How to complete this task: Report how many lines in the data include "Long", with the number as the only reply.

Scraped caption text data
--- START ---

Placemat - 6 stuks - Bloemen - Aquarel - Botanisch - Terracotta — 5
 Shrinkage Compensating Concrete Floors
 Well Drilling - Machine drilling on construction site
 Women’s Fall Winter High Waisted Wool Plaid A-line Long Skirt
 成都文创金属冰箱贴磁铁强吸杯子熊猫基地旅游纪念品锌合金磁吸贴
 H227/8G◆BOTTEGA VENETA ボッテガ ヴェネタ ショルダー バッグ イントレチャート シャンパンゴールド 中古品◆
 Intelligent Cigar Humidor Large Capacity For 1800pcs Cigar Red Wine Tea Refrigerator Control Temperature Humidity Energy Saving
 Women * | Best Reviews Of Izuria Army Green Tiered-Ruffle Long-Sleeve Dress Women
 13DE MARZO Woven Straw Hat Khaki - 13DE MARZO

--- END ---

Answer box: 2